# Raptor Tools



## Ron (Jun 12, 2008)

I tried these close cutters today and got to tell you there better and a faster cutter compared to the general wire brand. Sizes 1/2" to 1", works on Cpvc also

The black color is not a great idea, can lose these fast under a house somewhere, guess one could spray paint this a bright color.

Raptor has some nice tools, too bad sold by fergies here. But that might be the only time I go there.


----------



## Bill (Jun 17, 2008)

Never tried them. But I do like the close quarters cutters though


----------



## piercekiltoff (Jul 22, 2009)

I kind of figured Fergie owned the Raptor brand, or just re-badged it from someone else.


----------



## M5Plumb (Oct 2, 2008)

I've got the 1" cutter and it is a lot quicker than the Gen's. :thumbsup::thumbsup::thumbsup:


Ron The Plumber said:


> I tried these close cutters today and got to tell you there better and a faster cutter compared to the general wire brand.

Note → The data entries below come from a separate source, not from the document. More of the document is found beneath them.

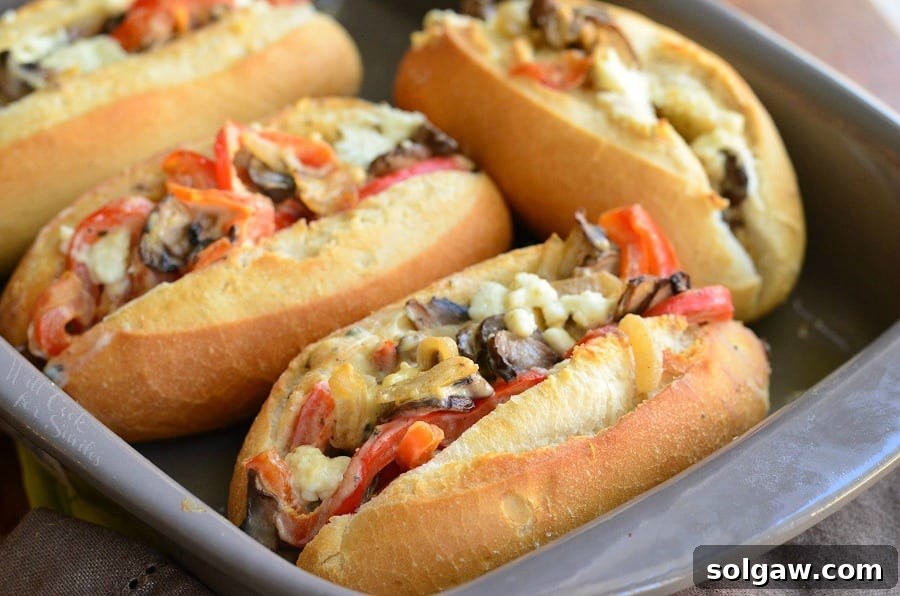 Baked Mini Veggie and Cheese Sandwiches, a top-down view showing their inviting texture.
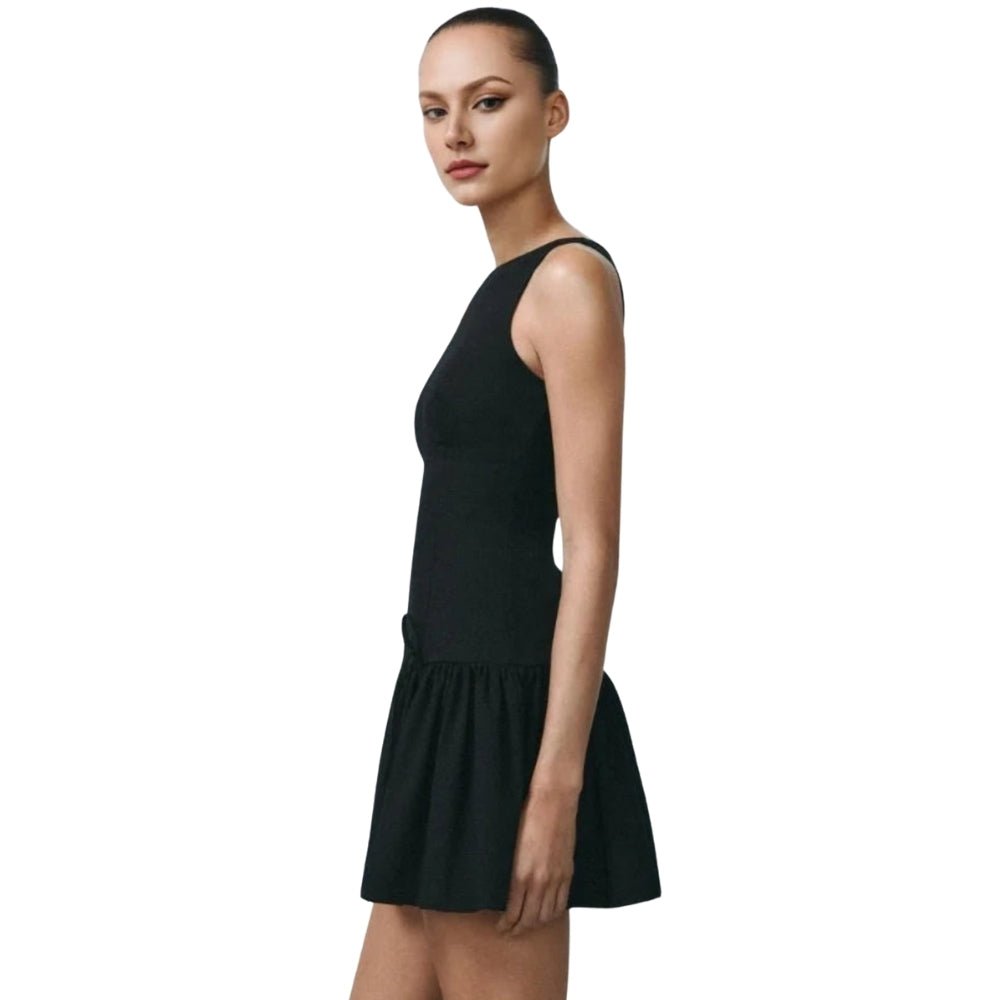 Black Kouvr  sleeveless dress worn by a model on a white background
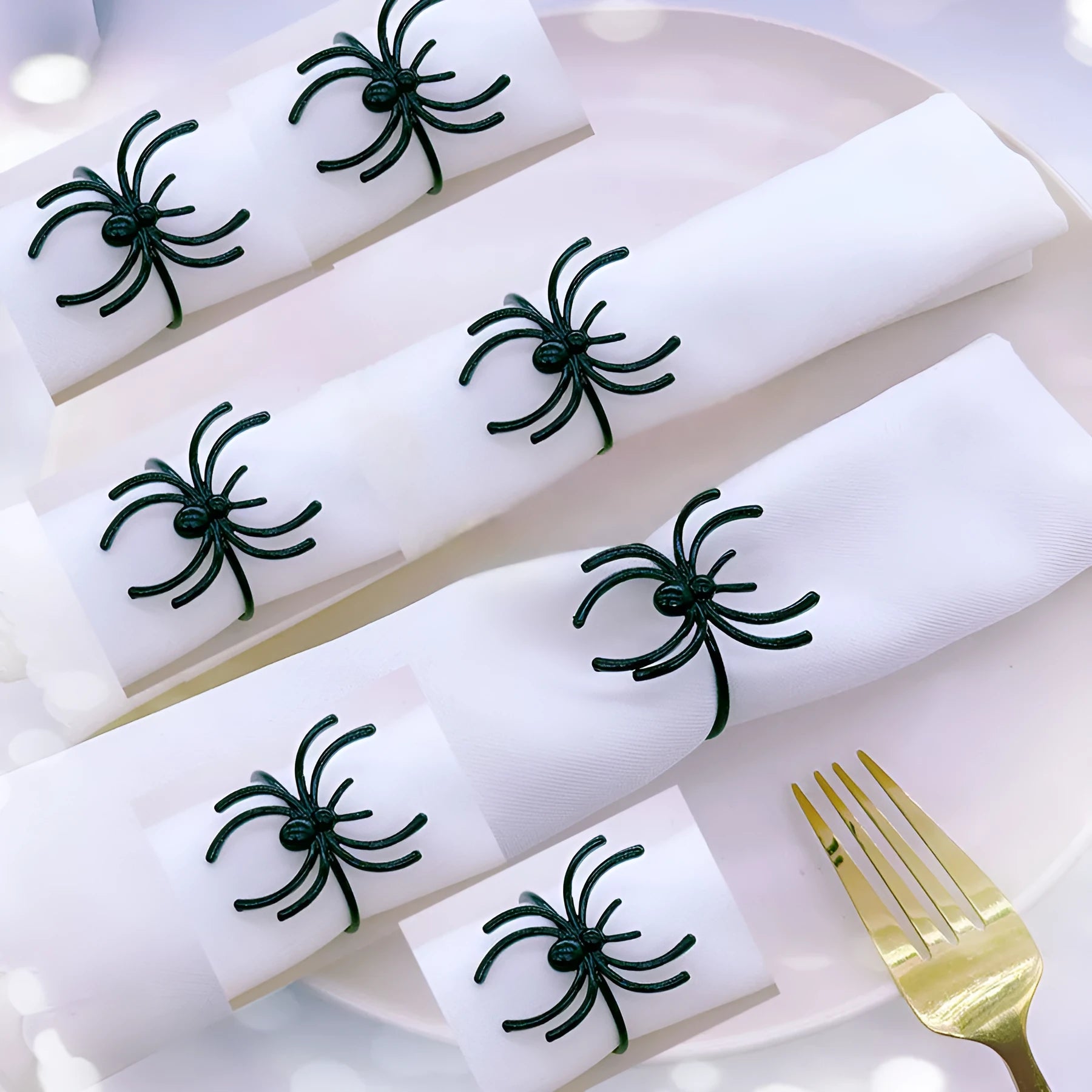 Set of six black alloy napkin rings with spider pattern design for Halloween table decoration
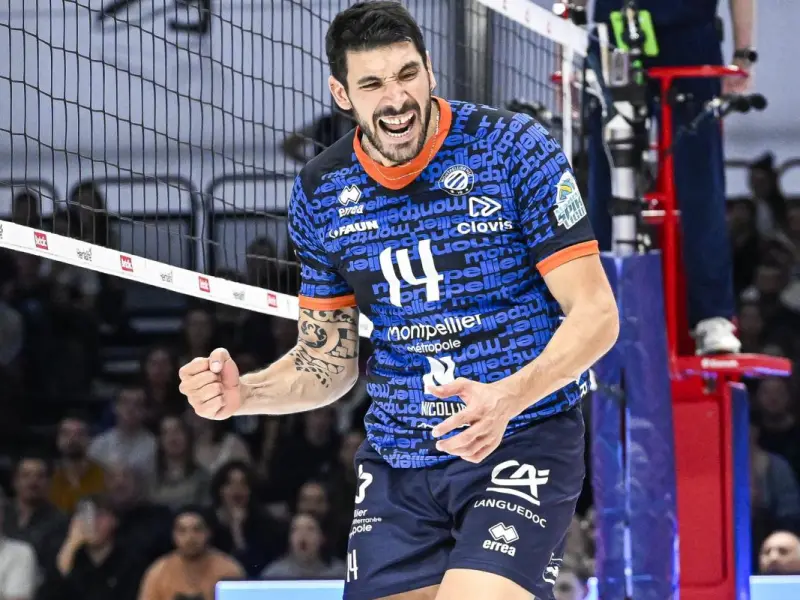 Nicolas Le Goff celebrates at the net in Montpellier Volley colors.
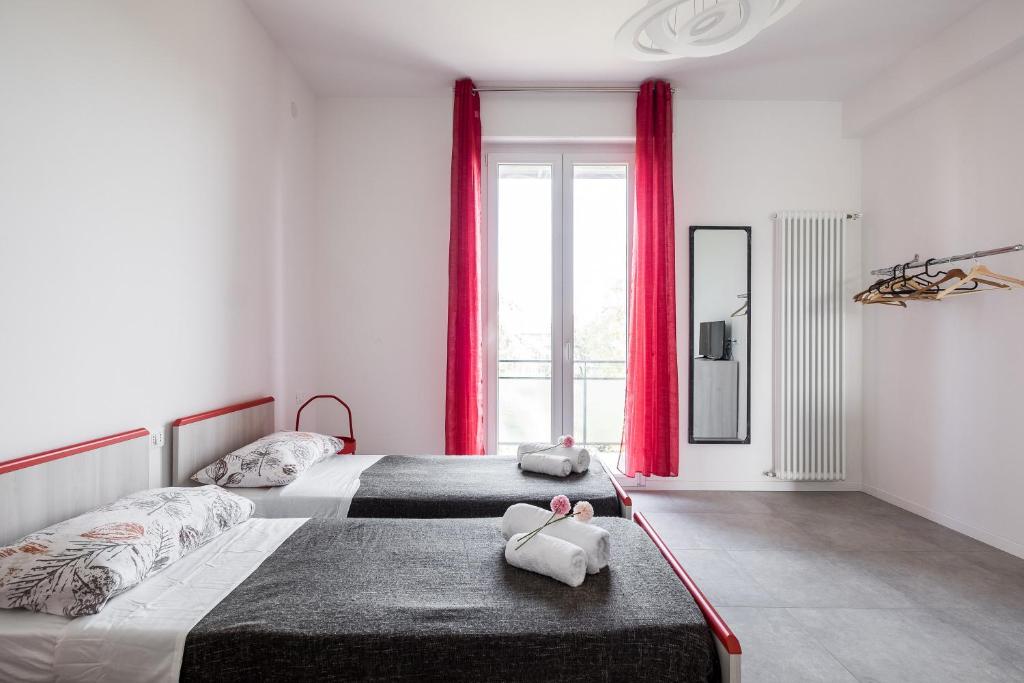 2 camas en un dormitorio con cortinas rojas en Bologna Accommodation Fiera 2 Checkin Automatico - Aperti H24 en Bolonia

Sizes 1/2" to 1", works on Cpvc also
> 
> The black color is not a great idea, can lose these fast under a house somewhere, guess one could spray paint this a bright color.
> 
> Raptor has some nice tools, too bad sold by fergies here. But that might be the only time I go there.


----------



## GREENPLUM (Jul 27, 2008)

General Pipe and Reed makes a better quailty model.


----------



## Cal (Jun 17, 2008)

These Raptor cutters are the BEST !! I have 2 of each and a bunch of wheels to replace them when need be . They are all i use now !! 3 spins and L copper is cut !! Much easier to change the wheel also !! GOOD CALL RON !!!


----------



## user2091 (Sep 27, 2009)

Cal said:


> These Raptor cutters are the BEST !! I have 2 of each and a bunch of wheels to replace them when need be . They are all i use now !! 3 spins and L copper is cut !! Much easier to change the wheel also !! GOOD CALL RON !!!


they are nice:thumbsup:


----------



## Ron (Jun 12, 2008)

Had to go back to a job I was on today to get the cutter, left it in the attic access, need to paint them florescent green or something.


----------



## 422 plumber (Jul 31, 2008)

I might start buying the ladies' pink models so I don't quit loosing them.


----------



## SlickRick (Sep 3, 2009)

Someone mentioned Dewalt impact... I bought one.
Someone mentioned Kipex pliers... Got a pair tonight.
I guess tomorrow it will be raptor cutters..

Anything else?


----------



## ROCKSTARPLUMBER (Dec 14, 2008)

Their hallow shaft nut drivers work well. I have two sets, metric and standard. this reminds me, do any of you know, or have ever seen a 5/8 or a 9/16 hallow shaft nut driver?


----------



## gear junkie (Jun 20, 2008)

slickrick said:


> Someone mentioned Dewalt impact... I bought one.
> Someone mentioned Kipex pliers... Got a pair tonight.
> I guess tomorrow it will be raptor cutters..
> 
> Anything else?


I just bought a workhorse step van........


----------



## TheMaster (Jun 12, 2009)

ROCKSTARPLUMBER said:


> Their hallow shaft nut drivers work well. I have two sets, metric and standard. this reminds me, do any of you know, or have ever seen a 5/8 or a 9/16 hallow shaft nut driver?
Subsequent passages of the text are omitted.